RECORDS SUPPLIED section start

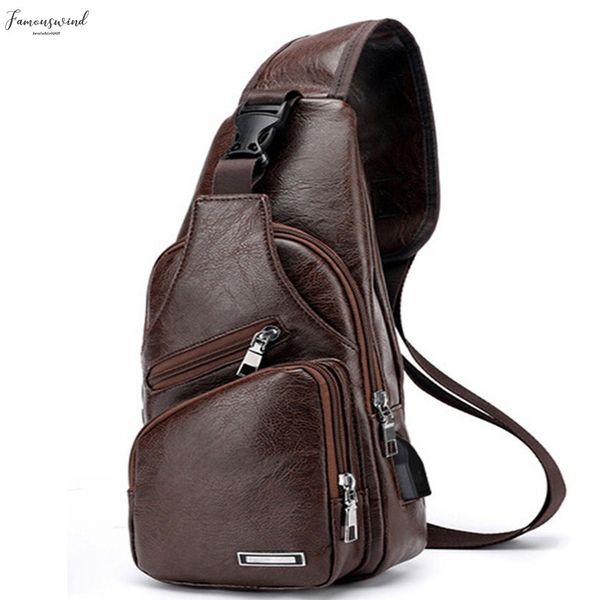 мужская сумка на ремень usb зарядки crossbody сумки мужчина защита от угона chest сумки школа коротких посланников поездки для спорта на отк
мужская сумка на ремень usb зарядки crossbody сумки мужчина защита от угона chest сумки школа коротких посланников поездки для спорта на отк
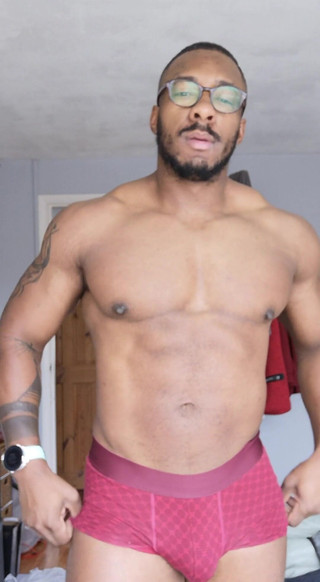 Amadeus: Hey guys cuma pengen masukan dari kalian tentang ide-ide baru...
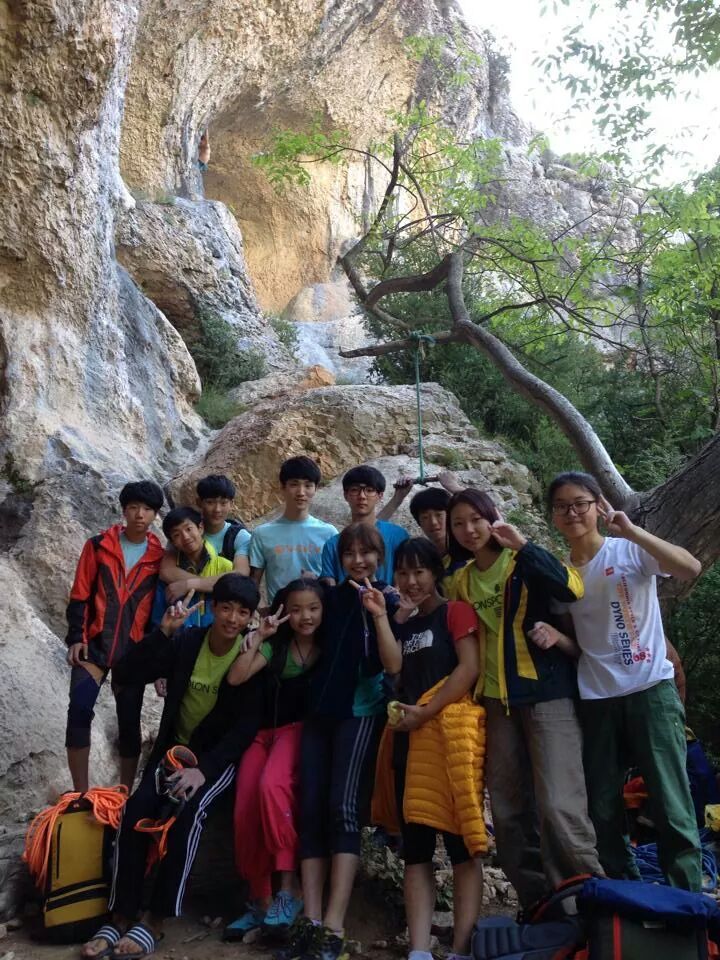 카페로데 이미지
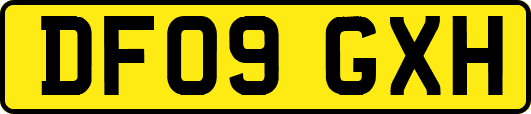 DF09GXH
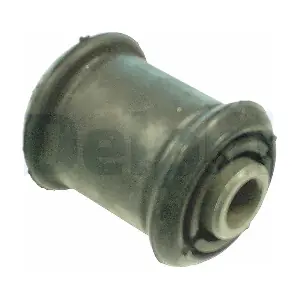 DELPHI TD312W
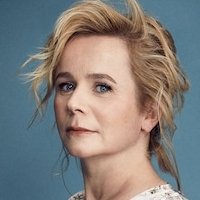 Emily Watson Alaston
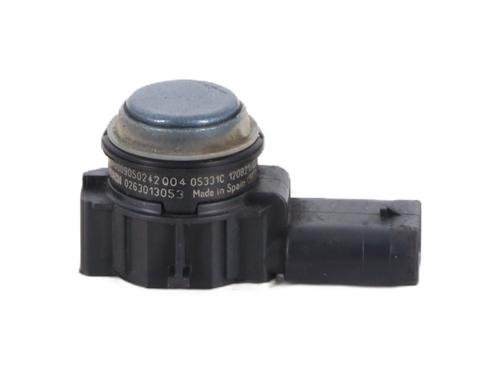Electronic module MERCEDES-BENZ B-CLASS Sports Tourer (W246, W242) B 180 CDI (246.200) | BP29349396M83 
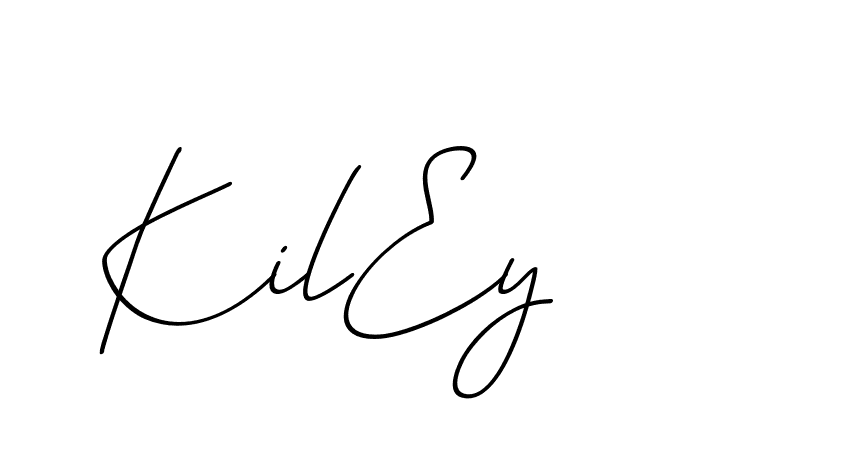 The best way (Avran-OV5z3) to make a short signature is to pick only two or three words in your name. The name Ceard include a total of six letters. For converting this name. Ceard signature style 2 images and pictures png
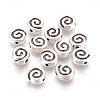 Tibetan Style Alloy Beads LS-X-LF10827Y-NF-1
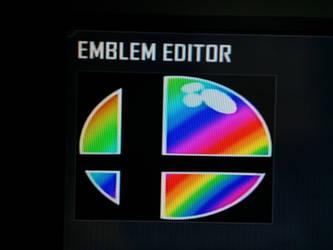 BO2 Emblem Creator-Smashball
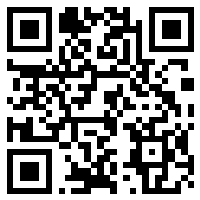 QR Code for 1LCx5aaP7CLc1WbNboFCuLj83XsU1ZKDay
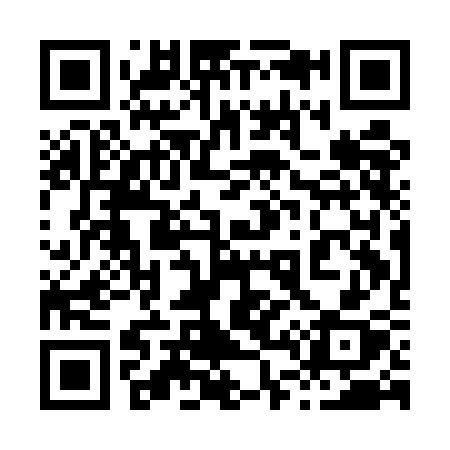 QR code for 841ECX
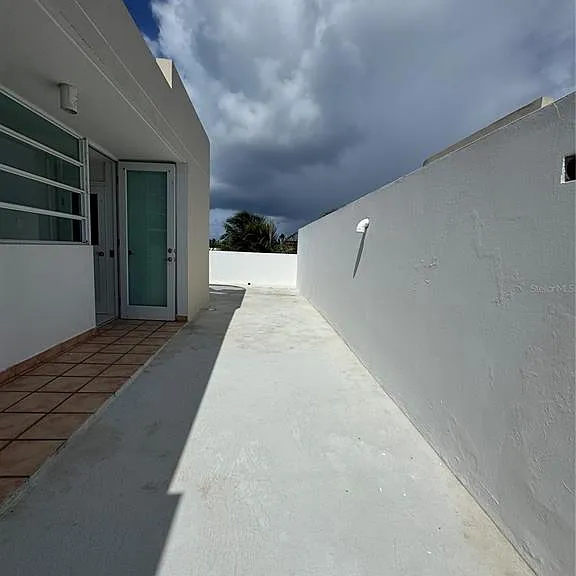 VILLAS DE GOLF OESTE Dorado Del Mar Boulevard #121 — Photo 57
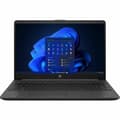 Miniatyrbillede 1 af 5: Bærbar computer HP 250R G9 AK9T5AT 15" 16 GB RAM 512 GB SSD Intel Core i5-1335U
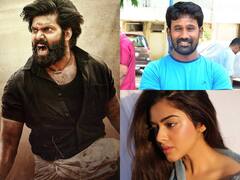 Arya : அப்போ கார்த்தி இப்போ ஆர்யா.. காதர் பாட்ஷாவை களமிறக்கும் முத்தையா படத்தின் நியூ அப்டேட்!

RECORDS SUPPLIED section end
RECORDS SUPPLIED section start

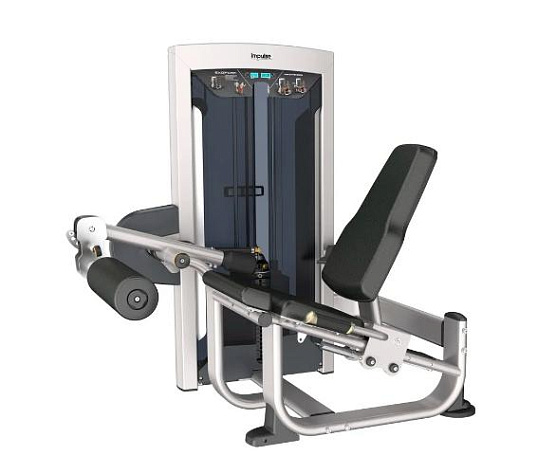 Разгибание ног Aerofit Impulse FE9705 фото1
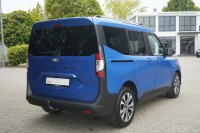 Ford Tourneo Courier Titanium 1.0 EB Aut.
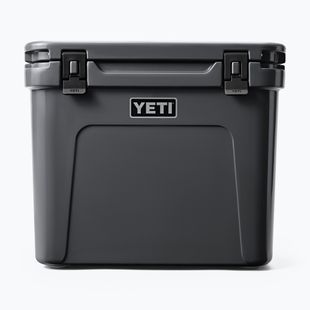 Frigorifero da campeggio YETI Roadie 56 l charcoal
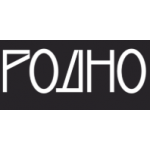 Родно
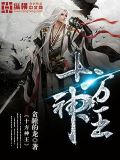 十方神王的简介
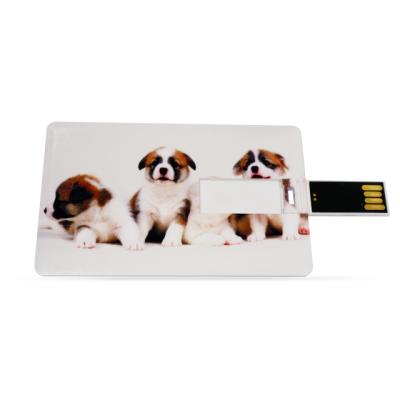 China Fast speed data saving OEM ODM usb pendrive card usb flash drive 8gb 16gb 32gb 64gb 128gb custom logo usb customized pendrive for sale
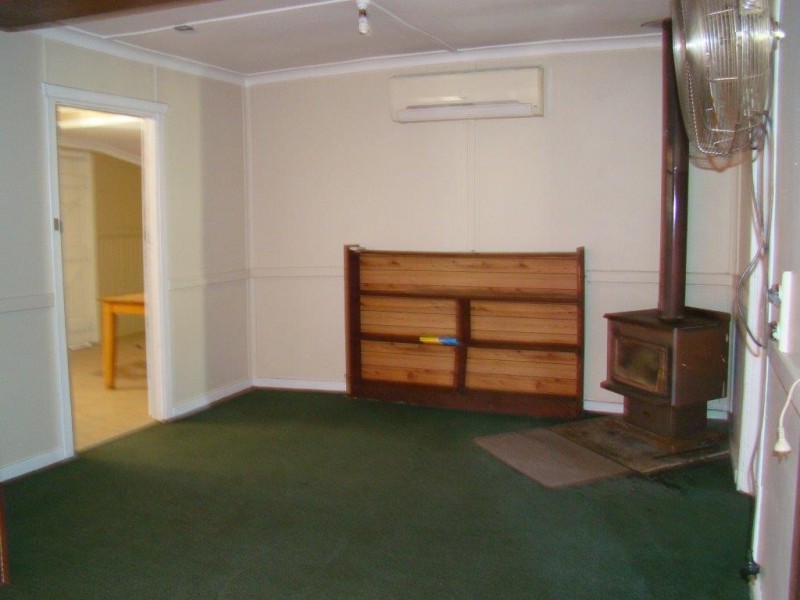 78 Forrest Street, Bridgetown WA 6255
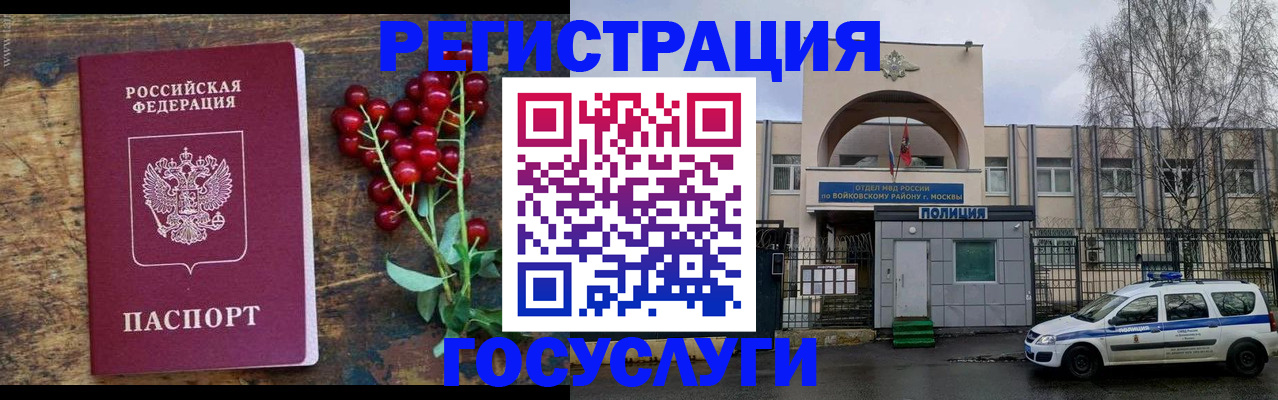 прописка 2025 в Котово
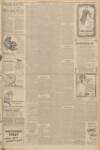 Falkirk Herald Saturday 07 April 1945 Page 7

RECORDS SUPPLIED section end

- _AIM OF THE EXERCISE_: In the entries above, every line from the line with "78 Forrest Street, Bridgetown WA 6255" to the line with "Falkirk Herald Saturday" is to be printed exactly, with both ends included and pictures excluded.

- _FINISHED EXERCISE_:
 78 Forrest Street, Bridgetown WA 6255
 прописка 2025 в Котово
 Falkirk Herald Saturday 07 April 1945 Page 7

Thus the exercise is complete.